Once it launches in August, UNH students will share photos of themselves wearing or creating masks on social media using the #unhtogether hashtag. The competition will encourage students to vote for their favorites and incentivize participation.
Apogee will provide a gift card to a local business, and UNH will provide incentives sourced from local businesses. Mask posts will air on social media and the university website for reposting, and students will be featured on digital signs across campus once the semester begins. Digital signage will allow students to still feel connected on UNH’s physical campus as they see peers featured, but the competition will also include students taking classes virtually. As an added incentive, UNH students will virtually compete against rival University of Maine to see which school has more social media posts celebrating mask wearing.
UNH hopes that, by proactively communicating prevention measures on platforms students use daily, students will be encouraged to drive communal safety.
Emergency Messaging
Emergency alert messaging has always been a crucial component of UNH’s safety strategy, but in the COVID-19 era, UNH considered that this system may become necessary to quickly communicate an outbreak on campus, changing safety protocols, and new health information. In the event of an on-cam- pus emergency, UNH Campus Police issue an alert describing the emergency and safety precautions to take.

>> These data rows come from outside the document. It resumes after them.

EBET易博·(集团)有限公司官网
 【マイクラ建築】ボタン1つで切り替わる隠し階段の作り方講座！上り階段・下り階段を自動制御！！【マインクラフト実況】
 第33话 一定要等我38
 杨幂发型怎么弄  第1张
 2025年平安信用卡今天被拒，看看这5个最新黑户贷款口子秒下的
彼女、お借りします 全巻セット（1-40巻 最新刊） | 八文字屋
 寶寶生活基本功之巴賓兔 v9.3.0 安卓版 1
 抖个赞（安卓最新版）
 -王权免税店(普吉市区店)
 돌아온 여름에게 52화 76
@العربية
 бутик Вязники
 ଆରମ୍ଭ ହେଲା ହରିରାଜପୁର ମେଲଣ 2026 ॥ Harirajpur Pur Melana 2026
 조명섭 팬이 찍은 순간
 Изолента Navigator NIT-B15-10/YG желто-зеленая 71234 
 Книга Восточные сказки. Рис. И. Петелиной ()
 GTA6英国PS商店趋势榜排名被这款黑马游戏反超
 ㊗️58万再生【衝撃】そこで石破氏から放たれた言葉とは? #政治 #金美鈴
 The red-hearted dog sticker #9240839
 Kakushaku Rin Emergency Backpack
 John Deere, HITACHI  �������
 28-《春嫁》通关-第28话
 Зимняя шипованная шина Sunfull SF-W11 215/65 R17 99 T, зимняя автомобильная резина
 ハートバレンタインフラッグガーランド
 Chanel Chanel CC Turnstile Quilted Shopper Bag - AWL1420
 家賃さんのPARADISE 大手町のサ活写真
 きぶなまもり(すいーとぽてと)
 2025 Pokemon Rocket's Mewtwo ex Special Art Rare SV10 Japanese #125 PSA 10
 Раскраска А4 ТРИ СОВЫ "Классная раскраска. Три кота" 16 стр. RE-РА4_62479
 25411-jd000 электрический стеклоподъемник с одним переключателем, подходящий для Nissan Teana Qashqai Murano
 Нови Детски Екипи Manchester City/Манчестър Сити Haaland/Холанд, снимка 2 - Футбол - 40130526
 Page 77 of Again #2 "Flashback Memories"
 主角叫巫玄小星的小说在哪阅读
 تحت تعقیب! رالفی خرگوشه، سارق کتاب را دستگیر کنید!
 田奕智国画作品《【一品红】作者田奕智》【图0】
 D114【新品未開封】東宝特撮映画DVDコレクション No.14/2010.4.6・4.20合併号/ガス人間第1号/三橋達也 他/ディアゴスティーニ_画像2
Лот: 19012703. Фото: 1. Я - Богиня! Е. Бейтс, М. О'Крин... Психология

Users affiliated with the university or who have opted into the RAVE alert system will receive email and text alerts. Apogee has managed integration with digital signs so that screens around campus are also taken over with messaging for high-priority emergencies, allowing prospective students and families, visiting lecturers, vendors, and other personnel to see a public-facing alert message and be aware of any danger.
Community Building
How do you build community among students who have had to shelter-in-place? Countless research shows that students are more successful in school, more likely to be retained from year to year, more involved with campus life, and more engaged and generous as alumni if they build a community during their college experience. Their relationships built on campus “most affect graduates’ perception that their education was worth the cost” according to the Gallup-Purdue Index Report of 2015. When UNH students were suddenly sent home in Spring 2020 with no expectation of when they could return, community building became more difficult.
Apogee worked with UNH to virtually connect students across social media platforms and through competitions with peers. In one instance, Apogee’s Student Ambassador collaborated with the CatPack Captains, a group of students driven to build spirit for UNH Athletics, to create a “UNH Spirit” contest during Summer 2020 in which students posted their spirit photos on a landing page and then campaigned for votes from friends.
Students posted videos from hockey games, shots wearing UNH gear, confetti-filled Instagram photos, and more using the hashtag #UNHSpirit. One day into the three week-long competition, the two top photos had over 1,100 votes!
“Apogee has been very flexible and helpful throughout our entire interaction with them,” said Troy LaPolice, UNH CatPack Captain, Class of 2021. They gave us the freedom to personalize the contest and make it a success; and best of all, they’ve been pleasant and easy to work with throughout the process.”
Once the fall semester begins, Apogee will support UNH to create more community-building projects geared toward specific student demographics, including virtual students and new students. Apogee’s managed service offerings have allowed UNH to focus on strategic details including messaging to students and campus safety, while Apogee has provided campaign ideas, web infrastructure, content curation, and reporting for the virtual events.
As campus staff are stretched into new and unfamiliar roles, industry partnerships are becoming more important and necessary in helping schools succeed in a brave new world.